Thursday, 4 May 2017

Dear Love

Happy Birthday.

I don't really know if I should be writing this or not, but I felt the urge and need to do so.
There might be millions who are reading this, but it doesn't matter to me what others have to say about us anymore. So many things have changed between us in the past 4 years, we've been together and moved apart at the same time. I know every hardship we went through along with every time we laughed our hearts out. I remember every single detail like it was just yesterday. I know that both of us didn't expect this to end here, I still don't believe its the end, but right now I have to move away from you.
Your birthday is one of the best days in the entire year for me. I love May 4th as much as I love cake, haha. Your birthday makes me realise that no matter how old you become, you will always remain as the 16 year old kid I first saw.
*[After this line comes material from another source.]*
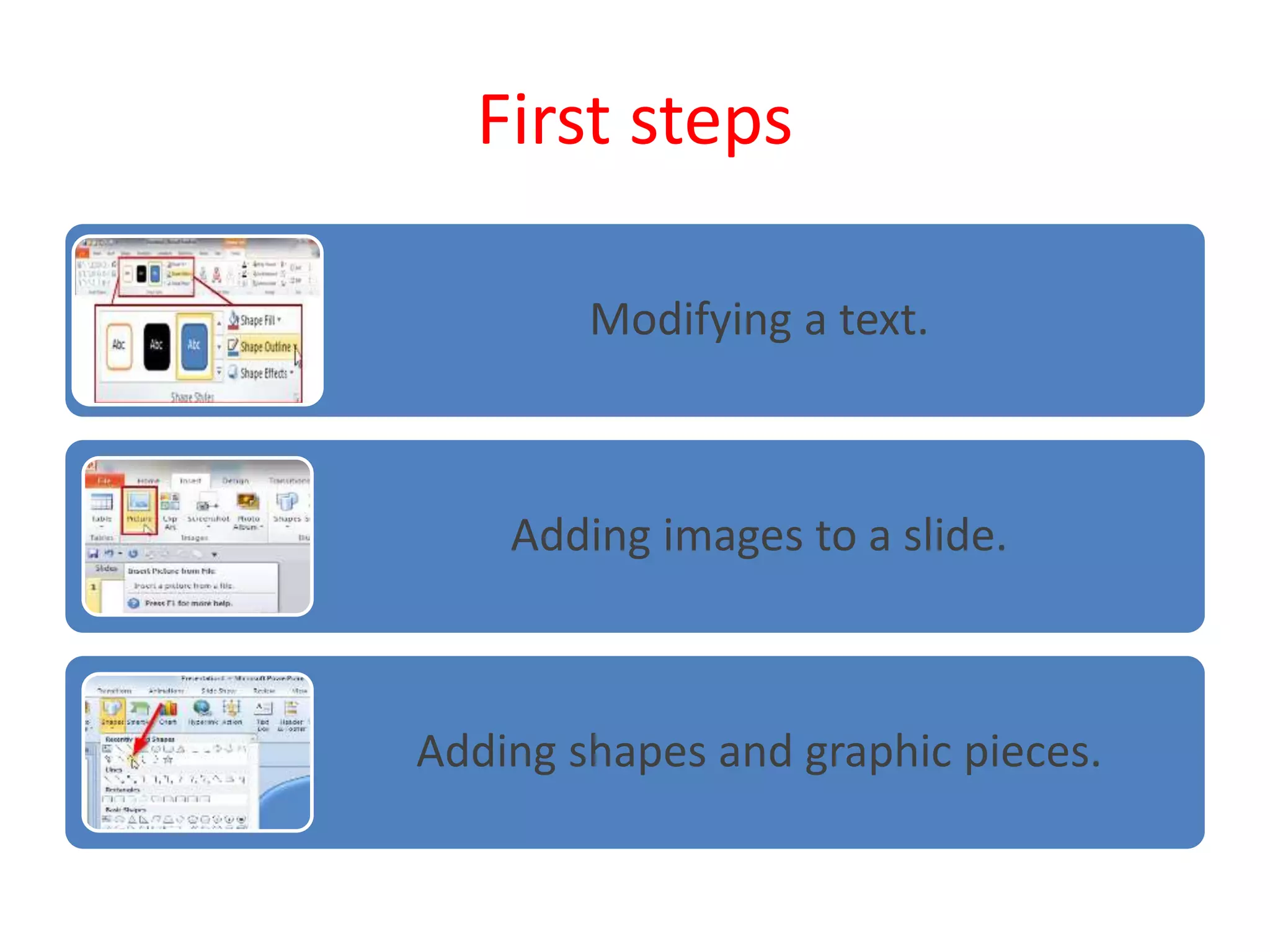 First steps
Modifying a text.
Adding images to a slide.
Adding shapes and graphic pieces.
I hate the fact that not once I was able to spend your birthday with you, I still hope that day will come soon, but I don't really know.
There are so many things going on in my mind while typing this, theres a tiny drop of water peeping through my eyes, which I'm having under complete control. I'm feeling a little dizzy typing this but thats totally okay.
I want to tell you something. You, are an amazing person. I've said this a million times now, but you truly are. I want to be with you all through out my life, but its going to take time love, for reasons I can't explain now. Till then, don't wait for me if you find some body else, go on, don't think what I will do when I come back, I will always find a way back to you through every mess. What I am now, will soon fade away, I will become better, but I don't know if you'll be waiting for me. I've a long line of mess that I've to clear up now, so that I am able to live for a longer time. I don't know how much of this you really understand, if you don't its okay, don't squeeze your mind too much. But someday my love, when you come to know what a mess I am, hug me tight and say its okay. (I'm totally asking for too much) I've to go now, I'm sorry for doing this to you, but Happy Birthday. Happy Birthday my irreplaceable constant. Till death do us apart.